Recenti Prog Med. 1994 Apr;85(4):246-56.
Despite the clear benefits of treating established hypertension, this approach alone will not prevent all of the blood pressure-related cardiovascular-renal disease in the community. Primary prevention of hypertension is a natural extension of hypertension treatment which provides opportunity to reduce costly cycle of managing hypertension and its complications. The purpose of this report is to guide practician physicians and health professionals in their care of hypertensive patients. In order to provide specific guidelines, a new classification schema of high blood pressure that includes systolic as well diastolic levels is proposed (source, Joint National Committee on Detection, Evaluation and Treatment of High Blood Pressure 1993). Furthermore, recommendations for follow-up based on initial set of blood pressure measurements, life-style modifications and pharmacologic therapy are proposed, suggesting a new treatment algorithm in which diuretics and beta-blockers are preferred as first-choice agents because their confirmed reduction in morbidity and mortality (unless they are contraindicated or unacceptable), but including an expanded list of agents that are suitable for initial monotherapy and guidelines for selecting and individualizing the antihypertensive drug regimen.

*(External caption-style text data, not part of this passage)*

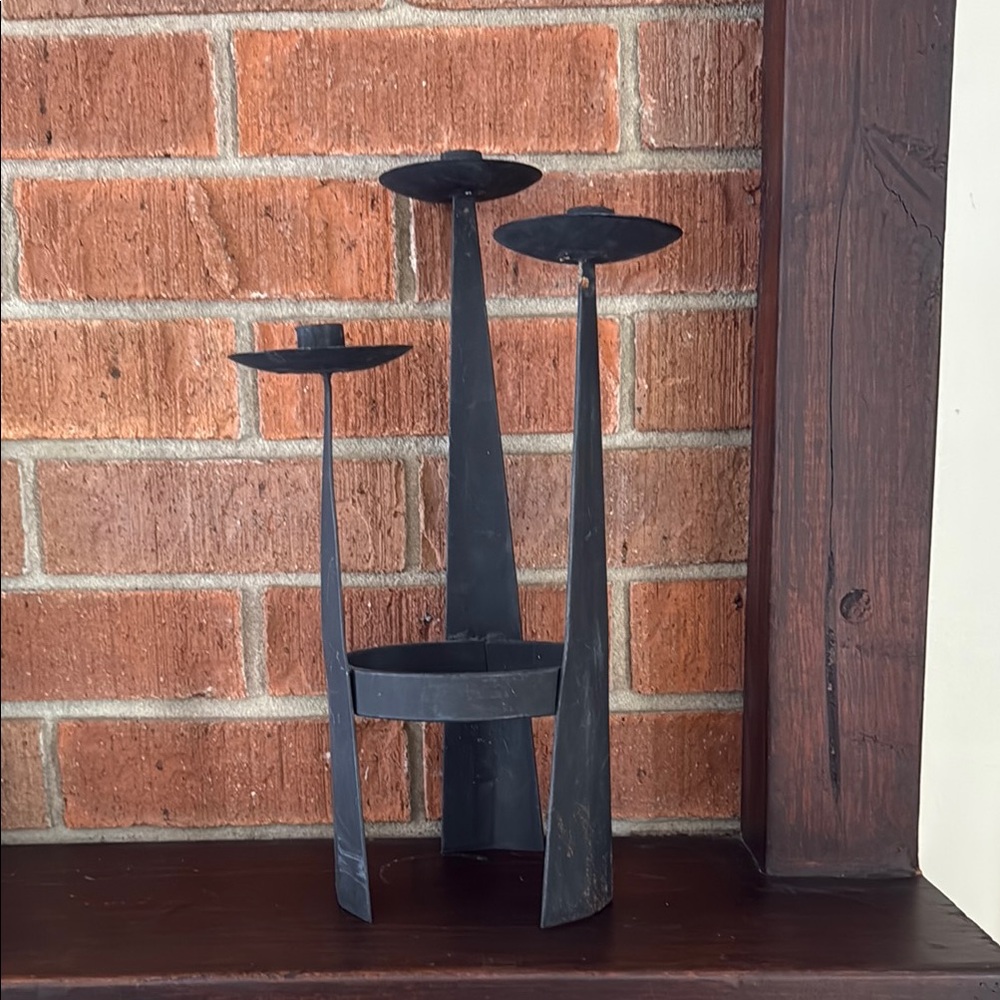 Reserved for Kristen - Black Metal Candle Holder Trio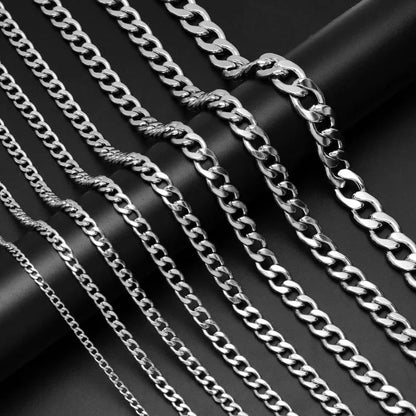 Classic Retro Fashion Necklace New Stainless Steel Two-Sided Ground Hip-Hop Style Vacuum Necklace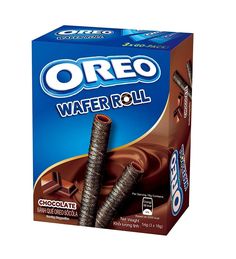 oreo wafer roll chocolate flavored bar in a cardboard box on a white background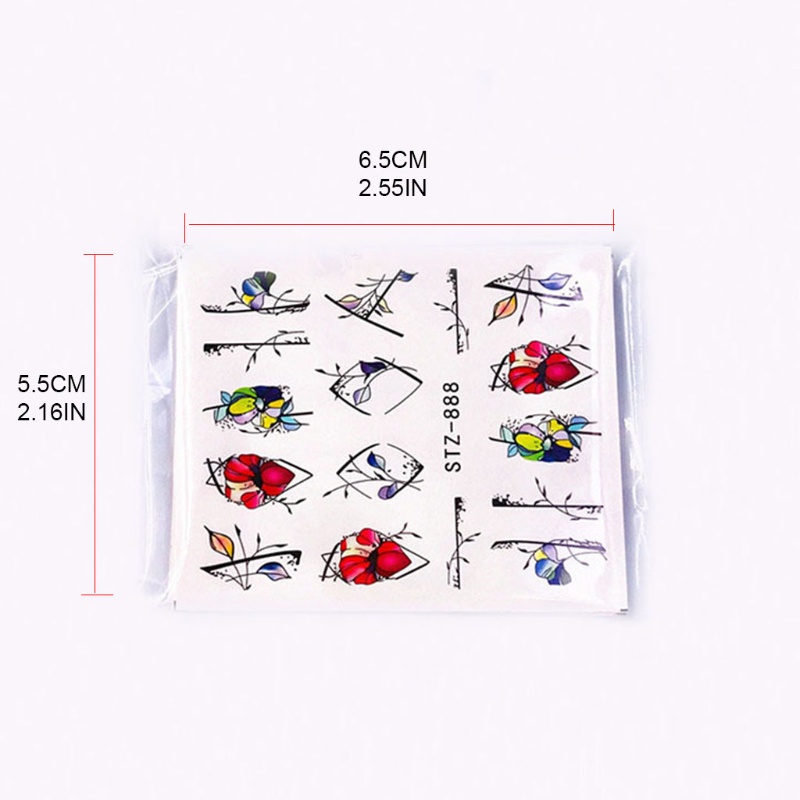 Miếng Dán Trang Trí Móng Tay Acrylic Họa Tiết Hoa Tương Phản DIY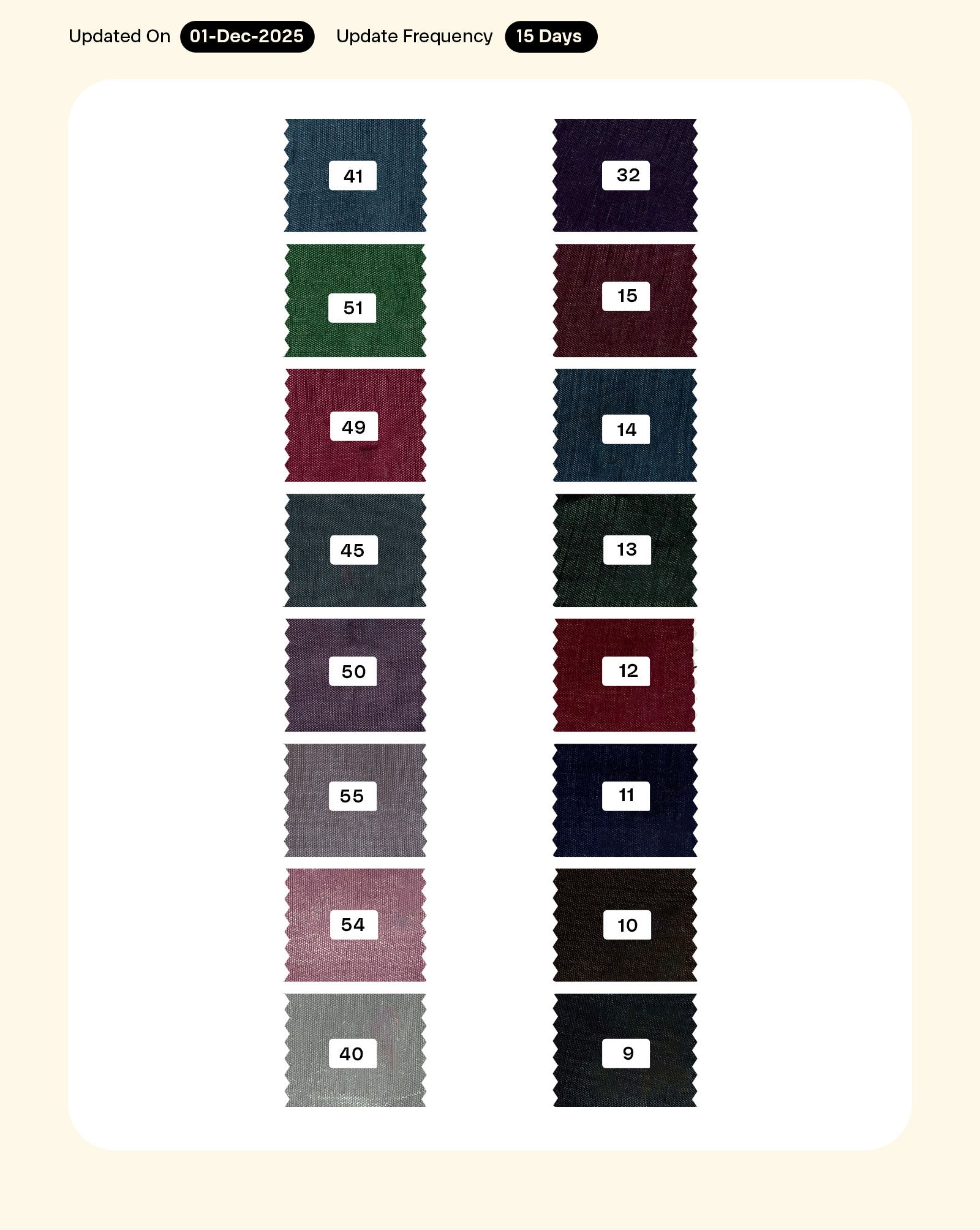 Poly Silk Mill Dyed Fabric - 10 kg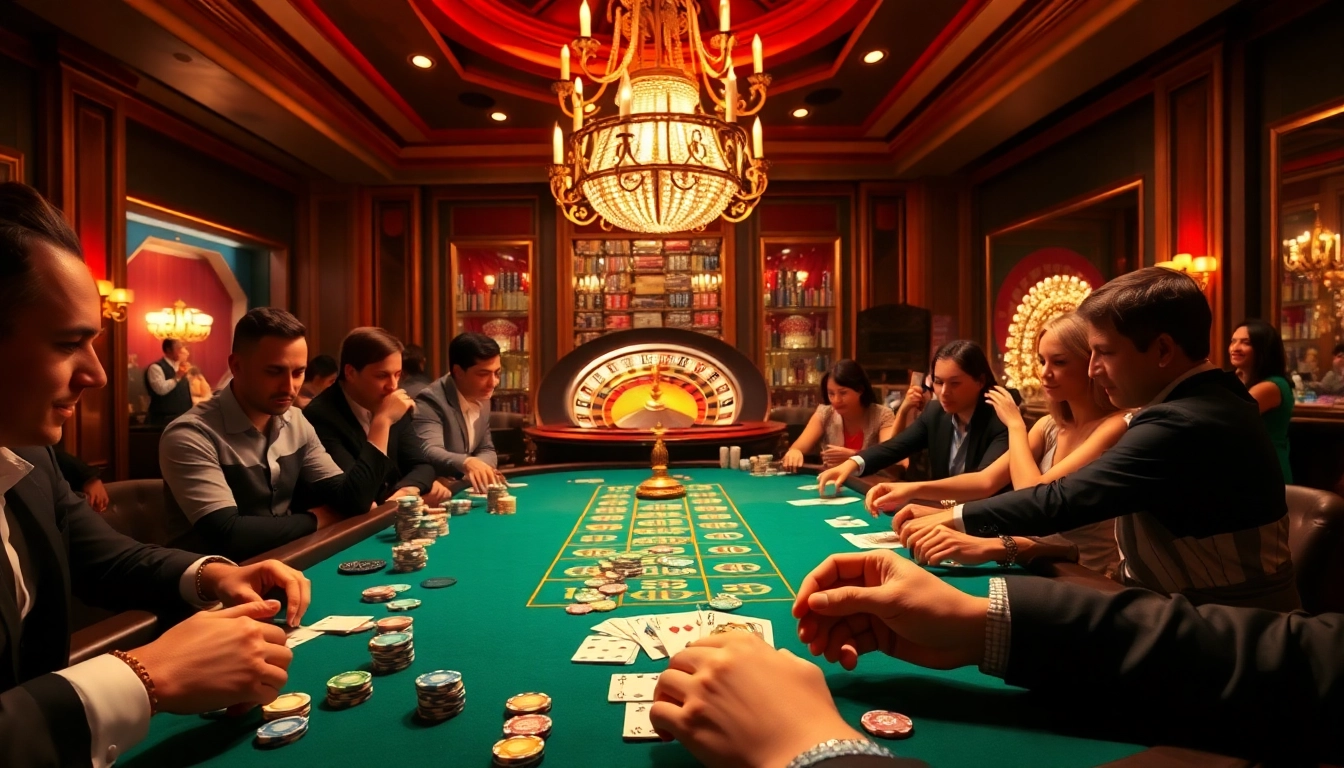 Engaging poker scene at a vibrant casino highlighting dabet hoa kỳ excitement and high-stakes gameplay.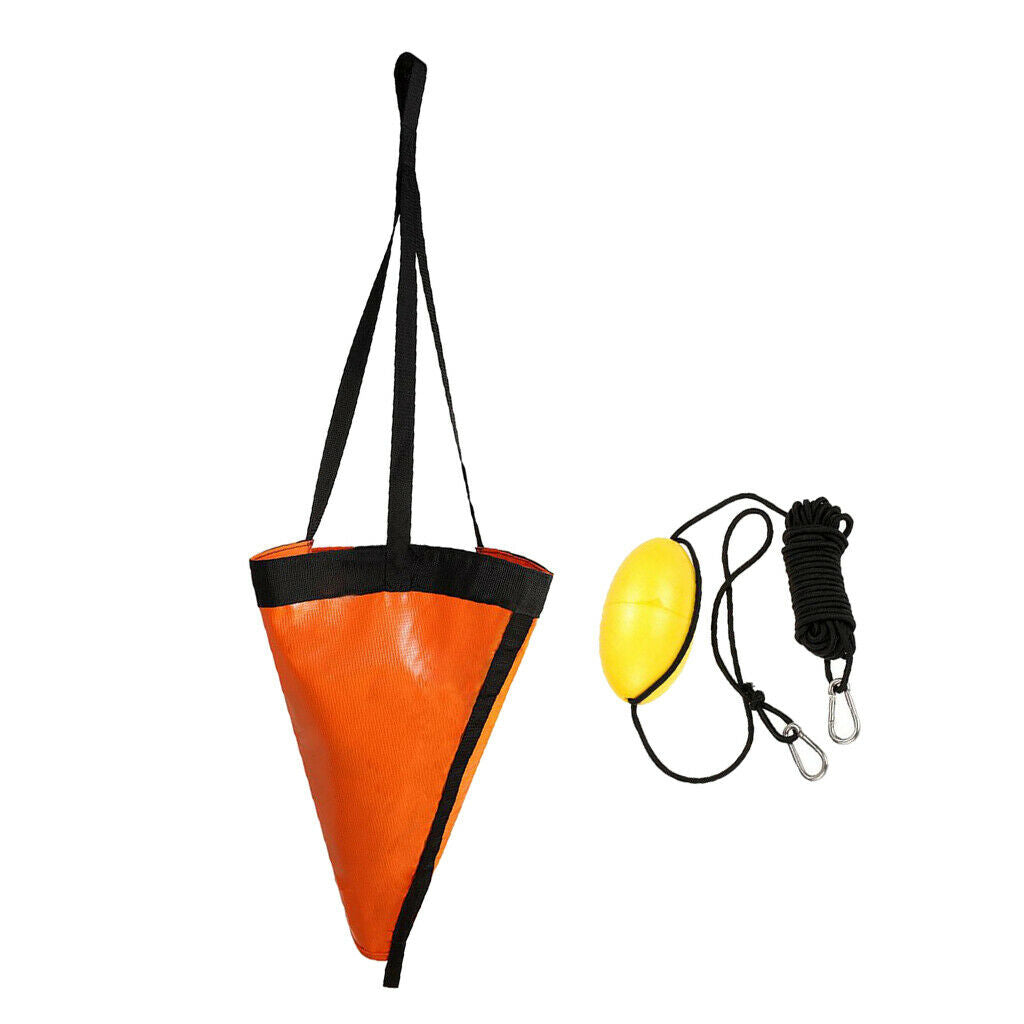 Sea Anchor Drogue Drift Brake 24inches 60cm PVC Rope for 21ft / 6.2m boat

尽管治疗已确诊的高血压有明显益处,但仅靠这种方法并不能预防社区中所有与血压相关的心血管-肾脏疾病。高血压的一级预防是高血压治疗的自然延伸,它为减少管理高血压及其并发症的昂贵周期提供了机会。本报告的目的是指导执业医师和健康专业人员对高血压患者的护理。为了提供具体指南,提出了一种新的高血压分类方案,该方案包括收缩压和舒张压水平(来源:全国高血压检测、评估与治疗联合委员会,1993年)。此外,还提出了基于初始血压测量、生活方式改变和药物治疗的随访建议,提出了一种新的治疗算法,其中利尿剂和β受体阻滞剂作为首选药物,因为它们已被证实可降低发病率和死亡率(除非有禁忌或不可接受的情况),但包括一份适用于初始单药治疗的药物扩展清单以及选择和个体化抗高血压药物治疗方案的指南。